By David Murphy
This coming decade promises to be yet another revolutionary one in how we communicate. In a world that is only beginning to embrace 5G technology, several scientific institutions, governments, telecom companies, and phone manufacturers worldwide are beginning to research the development possibilities of its successor—6G technology.
In keeping with the average ten-year cycle of mobile network standards, the race to achieve fully operational 6G wireless networks by 2030 has already begun. For 6G technology to fulfill its potential, it will require refining current wireless communication technologies, material science, computing architecture, chip design and sustainable energy use.
“As 5G is now being deployed worldwide, and as researchers in wireless telecommunications, we need to start brainstorming and planning for what should 6G be,” KAUST Distinguished Professor of Electrical and Computer Engineering Mohamed-Slim Alouini noted. “Especially, since over the last four decades, it took us about ten years to design, develop, and deploy one generation of wireless networks and another ten years to start using it extensively until we moved on to the next G.”
The application potential of 6G technology is staggering. From the benign: multisensory XR applications and smart surfaces; to the realms of transhumanist fantasy featuring brain implants and wireless brain to computer interfaces. Alouini believes that, as a society, we should take advantage of this early speculative period in 6G’s evolution and seek to influence its development.
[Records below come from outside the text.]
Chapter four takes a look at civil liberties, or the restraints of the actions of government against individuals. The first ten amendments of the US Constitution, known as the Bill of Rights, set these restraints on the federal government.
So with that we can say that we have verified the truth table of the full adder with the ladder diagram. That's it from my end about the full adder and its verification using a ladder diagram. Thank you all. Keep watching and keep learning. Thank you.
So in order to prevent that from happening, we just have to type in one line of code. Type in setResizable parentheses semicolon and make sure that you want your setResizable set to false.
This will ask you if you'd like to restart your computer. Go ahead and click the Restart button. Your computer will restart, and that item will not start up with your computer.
A development he feels should be carried out in a positive, sustainable manner, contrary to the previous incarnations, which were largely driven by financial and business goals.
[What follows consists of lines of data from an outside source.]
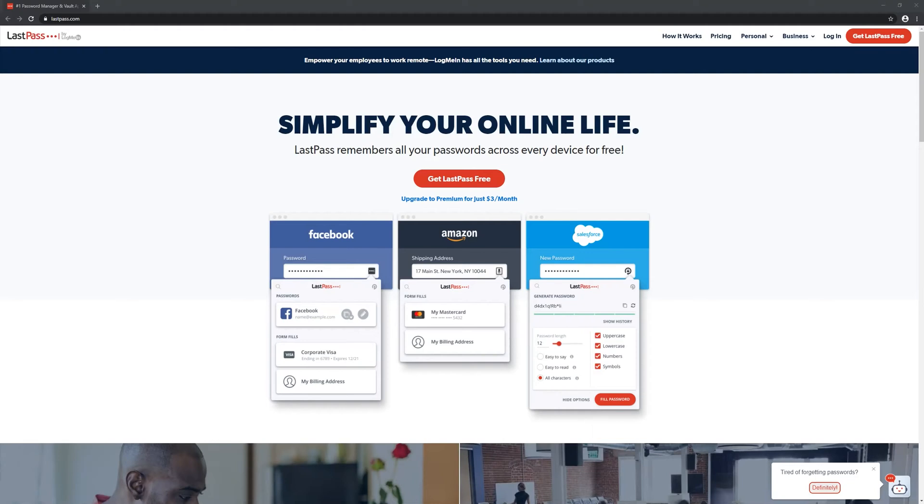Hello everyone and welcome to a new video from Technology Central. Today I'm going to take you through a quick tutorial on how to set up a LastPass account and get started. So let's begin.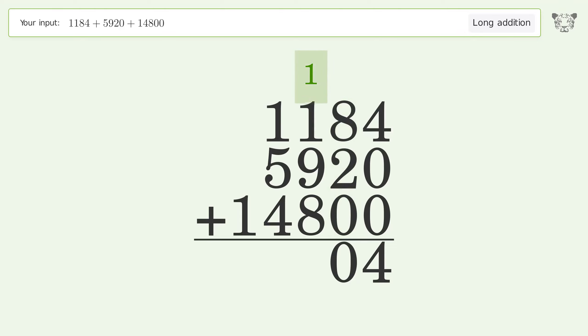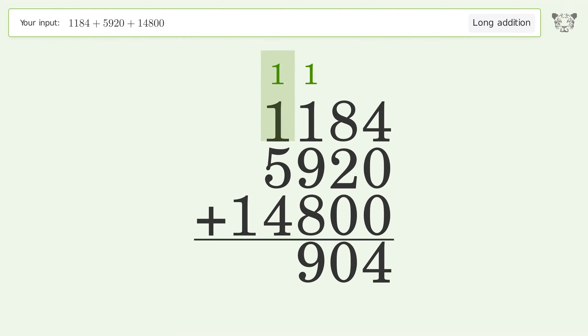1 plus 1 plus 9 plus 8 equals 19; carry 1 to the thousands place. 1 plus 1 plus 5 plus 4 equals 11; carry 1 to the ten thousands place.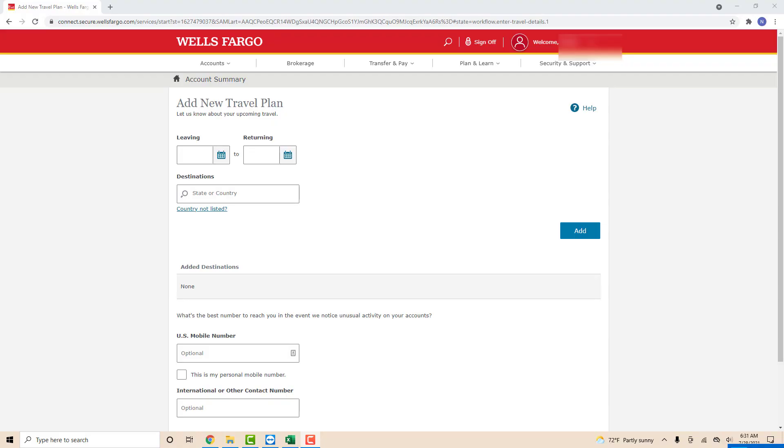Now you have to enter the date when you're going to leave and return, as well as your destinations. After entering the required information, click on Add.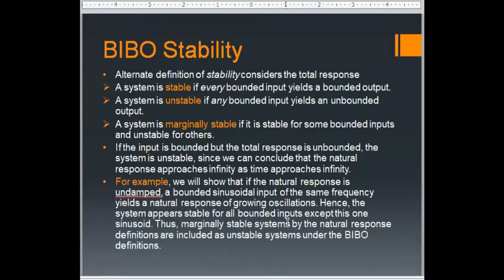An unstable system is when you give a bounded input and you get an unbounded response — your response is growing with time when you give the input to the system.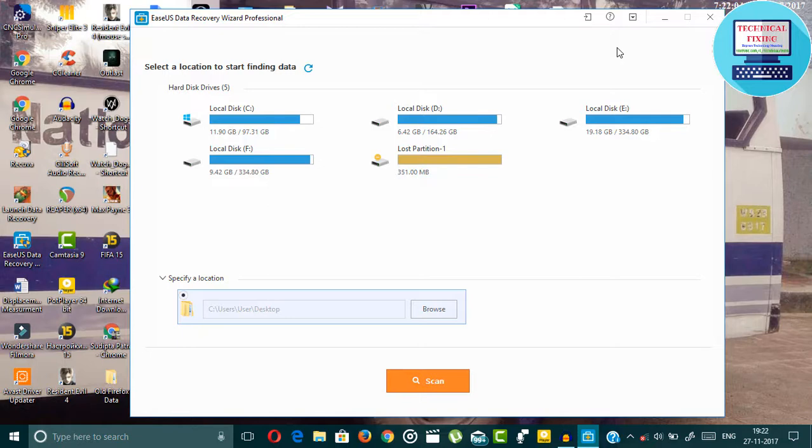If you want to know how I am using this professional version of all of this software, just comment below. I will definitely make separate video of each of this software.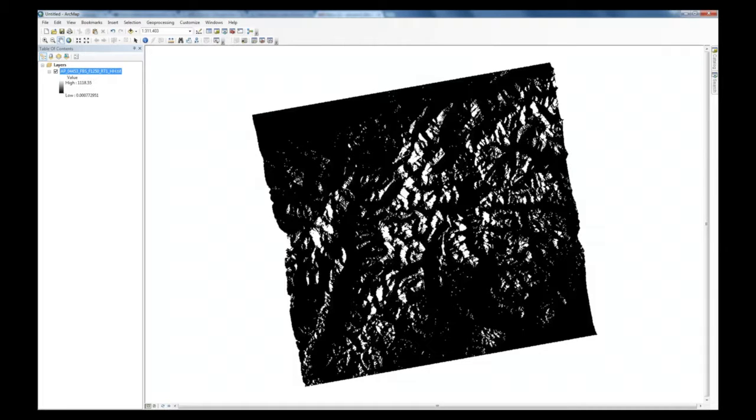Because the standard output of the RTC process is a gamma-naught power image, it looks dark when displayed in GIS software. Gamma-naught power supports statistical assessment of the data, but it's not great as an image.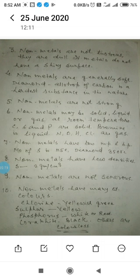Nonmetals are not strong — it means nonmetals have low tensile strength. Tensile strength means load-holding ability without breaking. Nonmetals are not strong and they are not hard.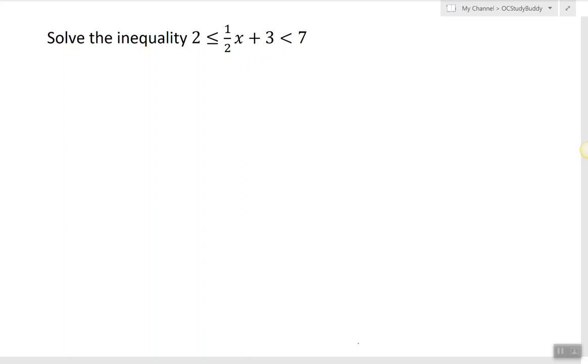In this video I will show how to solve a two-sided inequality, also called a compound inequality. Since it's a linear inequality, we solve it by isolating the variable.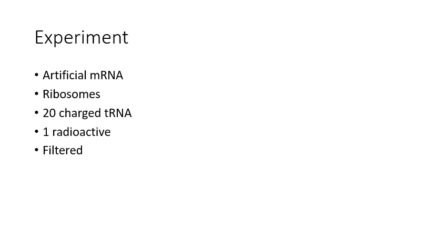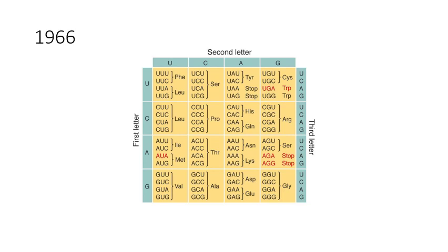This process was repeated with different combinations. By 1966, Nirenberg had deciphered the 64 RNA three-letter code words for all 20 amino acids.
“We need to pursue novel sustainable wireless communication schemes that integrate ground, air, and space networks. 6G technology should encapsulate enhanced energy efficiency, the elimination of harmful effects on the environment and human health, improved digital inclusion, increased user security and privacy, and improvements in mobile networks' resilience, robustness, and dependability,” Alouini emphasized.
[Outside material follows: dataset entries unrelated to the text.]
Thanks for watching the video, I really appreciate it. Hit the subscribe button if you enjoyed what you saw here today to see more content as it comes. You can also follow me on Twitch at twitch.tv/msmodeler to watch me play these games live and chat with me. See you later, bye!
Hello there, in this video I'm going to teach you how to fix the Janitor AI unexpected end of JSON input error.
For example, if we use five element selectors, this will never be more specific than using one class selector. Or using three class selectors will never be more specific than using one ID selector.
Building a digitally inclusive world
Unlike any technology before it, 6G is expected to truly democratize high-speed internet connectivity in under-covered and under-developed regions of the world. This push for global digital equity informs the planning and development of Alouini and his Communication Theory Lab (CTL)’s research at KAUST. His group is currently focusing on solving research challenges that offer the economically and socially isolated peoples of the world the transformative benefits of improved wireless connectivity.
To achieve global digital inclusiveness, the group is pursuing various research directions to develop "thrifty" wireless networks that rely on low-cost backhaul solutions, low-cost access solutions, and low-cost standard smart phones, tablets and phablets that can reap the benefits of the economy of scale.
“My group are busy developing solutions that offer the unconnected global population improved access to better health and education, real-time banking and financial services, smart farming and new jobs that can be executed/conducted remotely.
“The four important research directions we are pursuing revolve around global connectivity and digital inclusiveness for remote, rural and low-income areas. Together with investigating energy-aware communication networks, electro-magnetic field (EMF)-aware communication networks, and enabling communication in "extreme" environments such as underwater, underground, outer-space and within the human body,” Alouini explained.
Emerging and future telecom networks are not only expected to connect the unconnected but also “super-connect” the world’s digital connected by offering higher transmission speeds. These increased connection speeds will enable several futuristic applications such as virtual reality gaming, holographic telepresence technology to mainstream ultra-low latency ultra-reliable remote command and control of autonomous cars and flying vehicles.
“More specifically, we have been studying self-organized non-terrestrial networks that adapt their structure and their resource allocations. Based on ground population density and the quality-of-service requirements utilized by this population of users,” he added.
“This disruptive architectural paradigm is currently attracting significant attention in standardization platforms, in particular for the 5G evolution, and I expect that the research activity in this area will increase even further in the coming years as we move towards the 6G era,” he added.
"Connecting the Unconnected" at the second KAUST 6G Summit
Alouini will be joined by a host of his fellow international experts in internet and Communication Technology (ICT) and Wireless Communications System (WCS) for the upcoming second edition of the 6G Summit on "Connecting the Unconnected" held virtually from September 28 - September 30, 2021.
The online event, organized by Professor Alouini, will be spread over four sessions, five hours, and numerous panels. A host of distinguished guests will analyze and discuss the technical possibilities, social impact and critical considerations in using 6G to provide connectivity and opportunity for all world regions.
“I hope that we can convey to attendees that connecting the unconnected offers, on one hand, some exciting research challenges, and, on the other hand, some great opportunities for our future societies and communities.
“I am excited to see what this mix of world-class researchers from academia and industry and leading voices in policy on digital inclusion can bring to the table as we inch toward the 6G era,” he concluded.